The frontier of agentic AI in 2026 is agents that act through interfaces designed for humans — not APIs. Computer-use agents see screenshots and emit clicks. Browser agents drive Chromium with mouse, keyboard, and DOM access. The capability has moved from "novelty demo" to "production-shippable for narrow tasks" in roughly 18 months. This chapter covers the trajectory, the API surface, and the hybrid patterns that beat pure-vision agents on real tasks.

🔑
The 18-month capability curve
On the OSWorld benchmark, Claude Sonnet 3.5 (Oct 2024) hit 14.9%. Sonnet 4 (May 2025) hit 42.2%. Sonnet 4.5 (Sep 2025) hit 61.4%. Human baseline is 72.36%. That's a 4× capability jump in 11 months — the steepest curve in the field, and it means computer-use agents now work for a meaningful set of real tasks.

What "Computer Use" Means

A computer-use agent receives screenshots of a virtual display and emits keyboard / mouse / scroll actions. The model must (a) recognize what's on screen, (b) decide what to click or type, (c) handle the next screenshot it gets back. There is no DOM, no API — just pixels in, intents out.

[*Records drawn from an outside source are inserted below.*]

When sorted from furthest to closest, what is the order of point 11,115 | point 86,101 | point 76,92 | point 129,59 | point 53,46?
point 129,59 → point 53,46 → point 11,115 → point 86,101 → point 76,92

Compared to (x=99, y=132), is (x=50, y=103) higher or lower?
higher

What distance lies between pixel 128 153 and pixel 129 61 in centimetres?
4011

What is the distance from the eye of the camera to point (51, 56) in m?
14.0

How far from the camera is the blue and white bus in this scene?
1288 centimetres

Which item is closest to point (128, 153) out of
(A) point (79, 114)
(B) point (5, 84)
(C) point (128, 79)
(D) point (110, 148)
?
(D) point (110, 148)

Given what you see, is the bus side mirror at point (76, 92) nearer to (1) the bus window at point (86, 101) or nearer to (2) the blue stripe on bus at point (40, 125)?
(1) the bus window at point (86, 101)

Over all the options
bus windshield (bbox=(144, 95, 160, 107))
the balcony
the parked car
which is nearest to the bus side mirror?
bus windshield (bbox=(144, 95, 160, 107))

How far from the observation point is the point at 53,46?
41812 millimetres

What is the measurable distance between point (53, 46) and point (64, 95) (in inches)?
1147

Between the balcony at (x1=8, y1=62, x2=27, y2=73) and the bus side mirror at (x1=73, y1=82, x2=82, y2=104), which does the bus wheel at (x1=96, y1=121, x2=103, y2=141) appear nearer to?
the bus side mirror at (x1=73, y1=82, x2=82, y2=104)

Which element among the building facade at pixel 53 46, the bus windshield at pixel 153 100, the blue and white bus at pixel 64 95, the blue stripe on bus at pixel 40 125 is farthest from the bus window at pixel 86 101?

COMPUTER USE — VISION-ONLY LOOP Virtual display browser / OS / app Submit LLM vision · reasoning click(x=93,y=177) type("hello") key("Tab") scroll(0, 200) screenshot (PNG, 1280×720) action (click, type, key, scroll) Loop: take screenshot → model emits action → execute → repeat. ~1-3 actions/second in practice.
Computer use is the most general agent interface: anything a human can do with a screen, the model can in principle do. It's also the slowest and most expensive — every step costs a vision-quality image input.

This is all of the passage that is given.